As far as the lens, I have two:  a 50mm f/1.7 and a 135mm f/2.8.  I will shoot at least one experimental roll, switching between the two lenses.  So what film speed is recommended for best results, assuming wide-open (or nearly) aperture?  

Thanks again!


----------



## Mike_E

OK, your sync/shutter speed has no real bearing on your aperture setting it just makes sure that the flash goes off during the time that the shutter is open.  This means that you can use a fairly wide range of apertures but were I you and using film I would invest in a flash meter and practice for a bit.

Honestly, as far as film speed goes in 35mm you could shoot a lot of film and not be happier than you would be with Fuji 400 Superia.  Yes, it's a consumer film but you can shoot it in any color temp and it's inexpensive with a fine grain.

The 800 is good too and can easily be pushed to 1600.


----------



## T-town photographer

Mike_E said:


> Honestly, as far as film speed goes in 35mm you could shoot a lot of film and not be happier than you would be with Fuji 400 Superia.

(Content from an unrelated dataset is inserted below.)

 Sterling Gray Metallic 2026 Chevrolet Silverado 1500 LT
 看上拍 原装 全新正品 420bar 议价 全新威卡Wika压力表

Yes, it's a consumer film but you can shoot it in any color temp and it's inexpensive with a fine grain.
> 
> The 800 is good too and can easily be pushed to 1600.


 
I was just about to mention the fuji line of film.

:thumbup::thumbup::thumbup::thumbup::thumbup:

Michael


----------



## CSR Studio

Fuji film is great, there is also Sensia, Velvia and Astia. They are all wonderful. Try them all. Also, another thing you might want to try is reflectors. Get a piece of foam core and use it to reflect light where you want it. Last thing, you can also still get tungsten film so you can shoot with tungsten (incandescent) light and not have to use the filters that don't work real well. Happy shooting!


----------